**Instructions to follow**
Find the line holding "Odor 8 AC Filters" in the entries below. Give it again exactly, along with every line after it up to and including the line holding "Vente-unique Oreiller mémoire".

**Records for this exercise**
:::

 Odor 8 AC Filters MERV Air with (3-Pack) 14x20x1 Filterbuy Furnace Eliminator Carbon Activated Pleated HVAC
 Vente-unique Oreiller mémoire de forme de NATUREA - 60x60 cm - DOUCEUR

:::

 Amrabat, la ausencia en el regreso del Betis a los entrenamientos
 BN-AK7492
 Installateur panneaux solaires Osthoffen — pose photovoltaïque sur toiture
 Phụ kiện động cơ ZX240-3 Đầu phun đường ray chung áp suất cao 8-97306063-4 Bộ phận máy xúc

:::

**Result**
 Odor 8 AC Filters MERV Air with (3-Pack) 14x20x1 Filterbuy Furnace Eliminator Carbon Activated Pleated HVAC
 Vente-unique Oreiller mémoire de forme de NATUREA - 60x60 cm - DOUCEUR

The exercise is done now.